Tiempo atrás gruñó César. Anticipándose a montar las condiciones de supervivencia de su deseo, pareciera no haber sentido un estremecimiento distinto al Agape: un amor sacrificado del poeta donde los otros quedan “como son”, sin la torcedura o el atrevimiento de una toma. Ese gesto le queda a su lengua en el poema, que es lo que nos “rapta” certezas: “¡Perdóname, Señor: qué poco he muerto!”, porque en algún momento del pensamiento de Vallejo, la muerte está antes de la gestación y el desarrollo, algo posible en la lengua fiera del deseo:
Pienso en tu sexo, surco más prolífico
y armonioso que el vientre de la Sombra,
aunque la Muerte concibe y pare
de Dios mismo. (XIII)
El frailecillo encuentra en esa forma del retiro un refugio del retiro.
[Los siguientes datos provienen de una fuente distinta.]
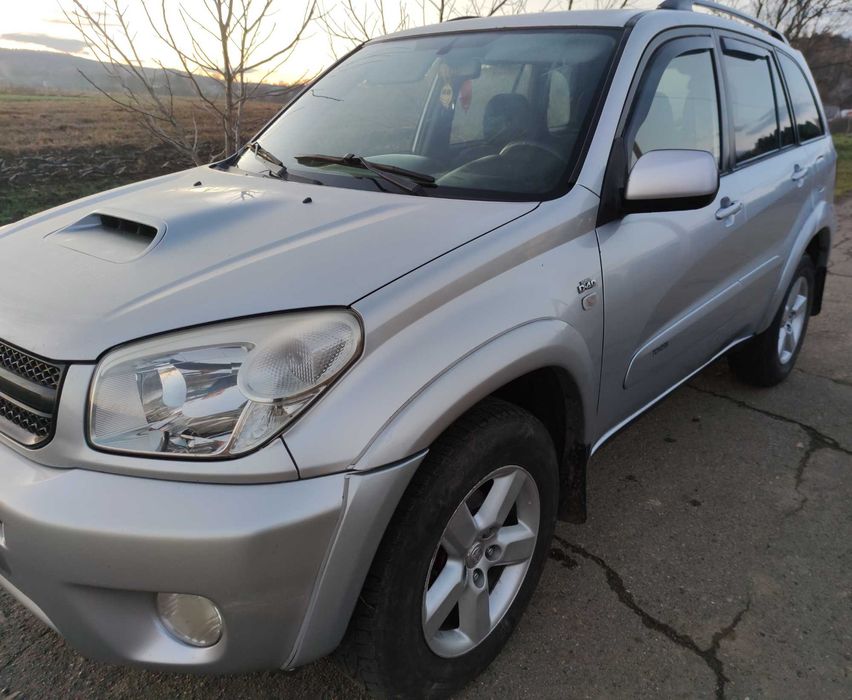 TOYOTA RAV4 D4D 4х4 2004p lift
Aunque sea más intemperie que las nevadas, las ventiscas o las lluvias, en algún momento puede toparse con las ropas de la madre, o con la intensidad de la amada como cuando pasa el invierno, bajo la campana, no de un convento, sino de su lengua:
Si lloviera esta noche, retiraríame
de aquí a mil años.
Mejor a cien no más.
Como si nada hubiese ocurrido, haría
la cuenta de que vengo todavía.
O sin madre, sin amada, sin porfía
de agacharme a aguaitar al fondo, a puro
pulso,
esta noche así, estaría escarmenando
la fibra védica,
la lana védica de mi fin final, hilo
del diantre, traza de haber tenido
por las narices
a dos badajos inacordes de tiempo
en una misma campana. (XXXIII)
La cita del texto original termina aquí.